▸ WHAT THIS TASK INVOLVES
Please copy each line of the records below that holds the word "Women".

◆ ◆ ◆ ◆ ◆ ◆ ◆

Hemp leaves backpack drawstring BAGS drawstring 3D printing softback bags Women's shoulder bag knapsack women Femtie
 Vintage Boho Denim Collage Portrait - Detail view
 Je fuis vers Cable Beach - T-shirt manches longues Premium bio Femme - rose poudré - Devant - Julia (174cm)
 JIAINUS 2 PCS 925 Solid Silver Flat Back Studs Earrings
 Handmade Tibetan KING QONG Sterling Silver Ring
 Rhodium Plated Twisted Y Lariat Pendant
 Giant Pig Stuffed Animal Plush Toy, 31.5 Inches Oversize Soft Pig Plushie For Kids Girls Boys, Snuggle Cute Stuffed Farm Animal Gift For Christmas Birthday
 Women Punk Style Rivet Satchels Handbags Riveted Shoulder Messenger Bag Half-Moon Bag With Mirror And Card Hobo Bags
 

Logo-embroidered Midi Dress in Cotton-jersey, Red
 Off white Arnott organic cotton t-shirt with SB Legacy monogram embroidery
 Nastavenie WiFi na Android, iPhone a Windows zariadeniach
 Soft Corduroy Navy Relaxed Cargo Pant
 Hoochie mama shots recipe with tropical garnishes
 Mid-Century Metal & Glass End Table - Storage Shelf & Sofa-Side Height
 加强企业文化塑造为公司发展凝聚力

◆ ◆ ◆ ◆ ◆ ◆ ◆

▸ WORKED SOLUTION
Hemp leaves backpack drawstring BAGS drawstring 3D printing softback bags Women's shoulder bag knapsack women Femtie
 Women Punk Style Rivet Satchels Handbags Riveted Shoulder Messenger Bag Half-Moon Bag With Mirror And Card Hobo Bags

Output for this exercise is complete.